WHAT THE TASK REQUIRES — Every line below must be copied as written, except for pictures.

DATA —
────────────────────────────────────────

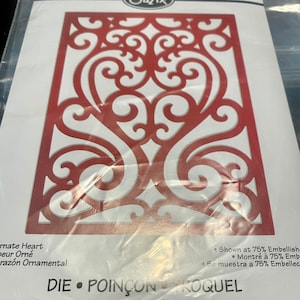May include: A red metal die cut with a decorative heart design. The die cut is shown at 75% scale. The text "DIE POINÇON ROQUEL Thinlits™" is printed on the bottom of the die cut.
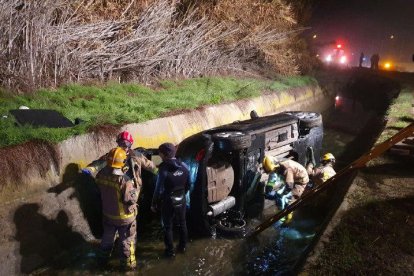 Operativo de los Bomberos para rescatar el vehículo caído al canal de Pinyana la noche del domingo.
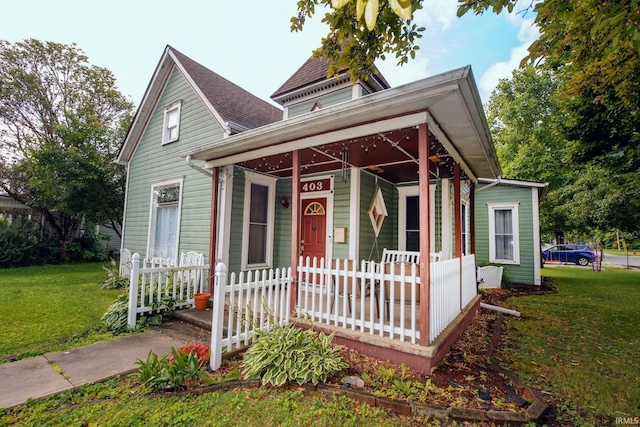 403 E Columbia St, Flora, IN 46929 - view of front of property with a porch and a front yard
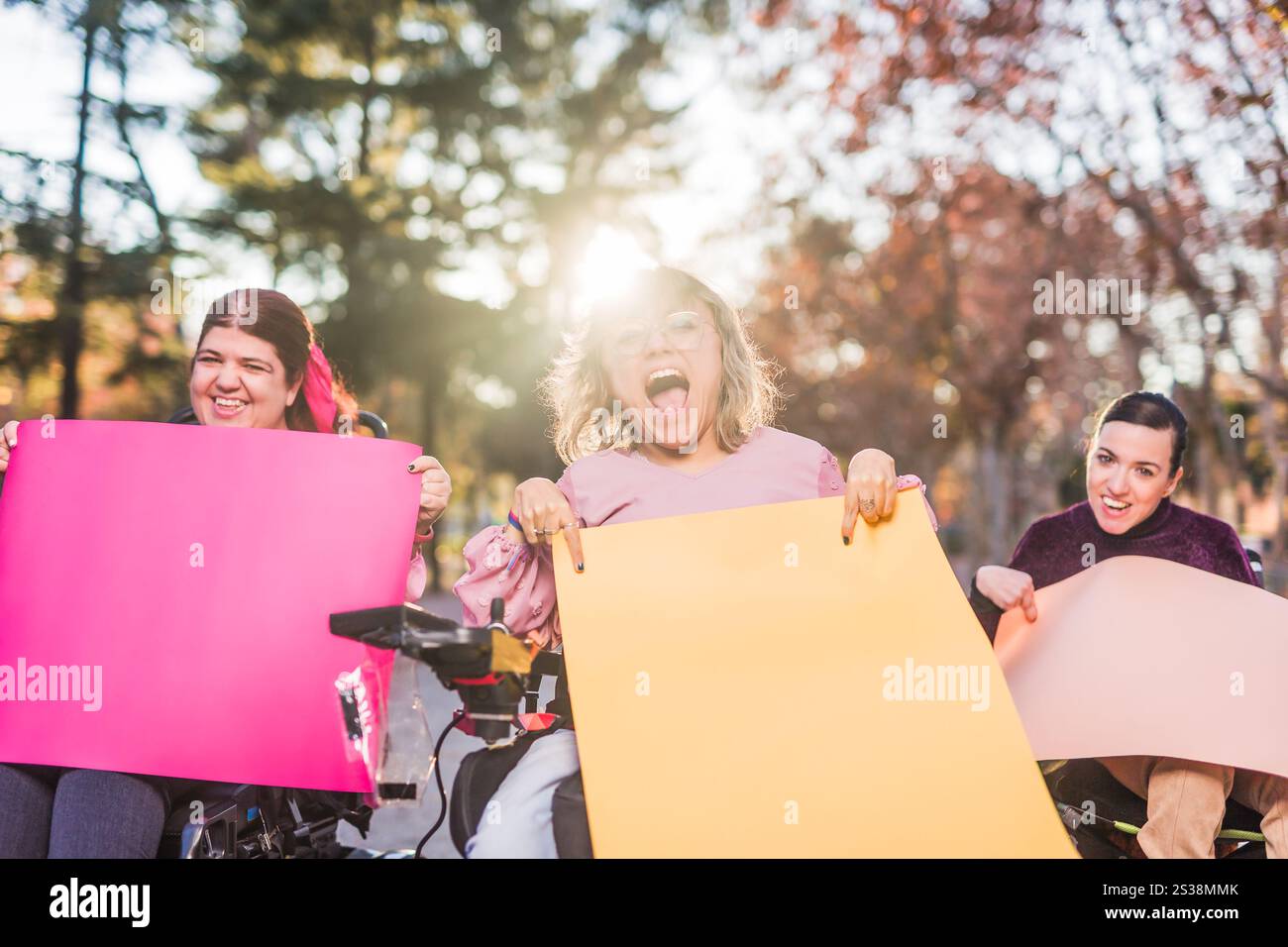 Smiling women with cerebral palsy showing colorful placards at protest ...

────────────────────────────────────────

RESPONSE AREA —
May include: A red metal die cut with a decorative heart design. The die cut is shown at 75% scale. The text "DIE POINÇON ROQUEL Thinlits™" is printed on the bottom of the die cut.
 Operativo de los Bomberos para rescatar el vehículo caído al canal de Pinyana la noche del domingo.
 403 E Columbia St, Flora, IN 46929 - view of front of property with a porch and a front yard
 Smiling women with cerebral palsy showing colorful placards at protest ...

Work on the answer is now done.